Decisão foi motivada por questionamentos sobre o controle de antimicrobianos na produção animal; medida passa a valer em setembro e pode afetar diferentes setores do agronegócio brasileiro
A União Europeia anunciou nesta terça-feira (12) a retirada do Brasil da relação de países habilitados a exportar carnes e outros produtos de origem animal para o bloco europeu. A decisão foi tomada após autoridades sanitárias europeias apontarem insuficiência nas garantias apresentadas pelo país sobre o monitoramento do uso de antimicrobianos na criação animal.
A nova regulamentação entrará em vigor a partir do dia 3 de setembro e estabelece os critérios para países aptos a comercializar produtos de origem animal com os países europeus. Até então, o Brasil estava autorizado a exportar carnes bovina, de frango e equina, além de peixes, mel e outros derivados. Com a atualização, o país deixa de integrar a lista.
De acordo com a Comissão Europeia, os antimicrobianos utilizados na pecuária devem ser empregados exclusivamente para prevenção e tratamento de doenças, sendo proibido o uso voltado ao aumento da produtividade ou crescimento dos animais. Também há restrições para substâncias consideradas essenciais à medicina humana.

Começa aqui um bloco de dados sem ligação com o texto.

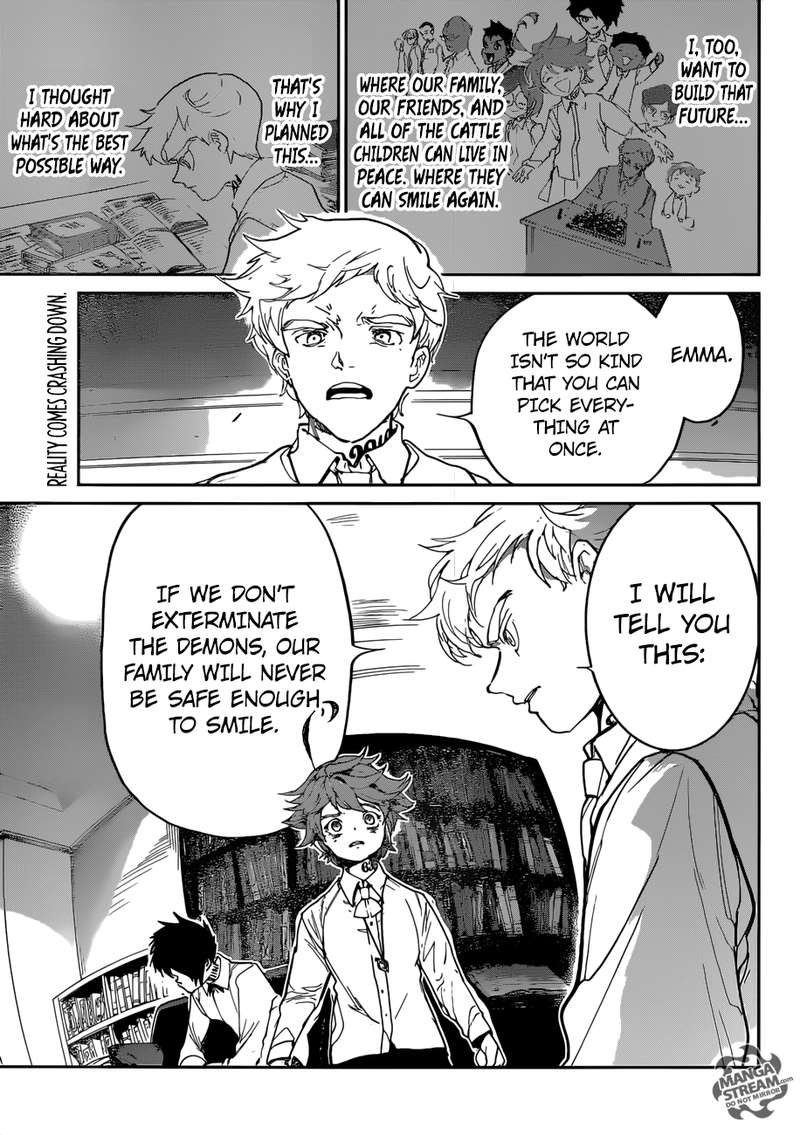 Chapter 128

Segundo informações divulgadas por agências internacionais, a exclusão ocorreu porque o Brasil não comprovou integralmente o cumprimento das normas exigidas pela União Europeia durante todas as etapas de criação dos animais destinados à exportação.

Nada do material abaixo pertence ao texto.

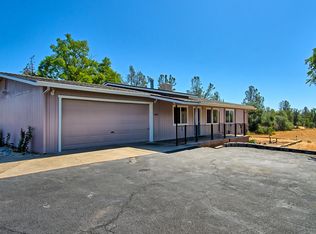20879 State Highway 299 E, Redding, CA 96003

A porta-voz da Comissão Europeia para Saúde, Eva Hrncirova, afirmou que a decisão pode impactar exportações brasileiras de bovinos, aves, equinos, ovos, mel, pescados e outros produtos de origem animal. No entanto, ressaltou que o país poderá voltar a ser autorizado caso consiga se adequar às exigências sanitárias do bloco.

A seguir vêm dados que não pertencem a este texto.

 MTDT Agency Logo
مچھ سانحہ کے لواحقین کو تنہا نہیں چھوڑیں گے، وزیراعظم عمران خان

O Ministério da Agricultura ainda não havia se manifestado oficialmente sobre o tema até a publicação desta matéria.
A União Europeia figura entre os principais mercados consumidores da carne brasileira, ocupando posição de destaque nas exportações nacionais. A medida ocorre dias após a implementação provisória do acordo comercial entre Mercosul e União Europeia, que já vinha sendo alvo de debates entre produtores e ambientalistas europeus.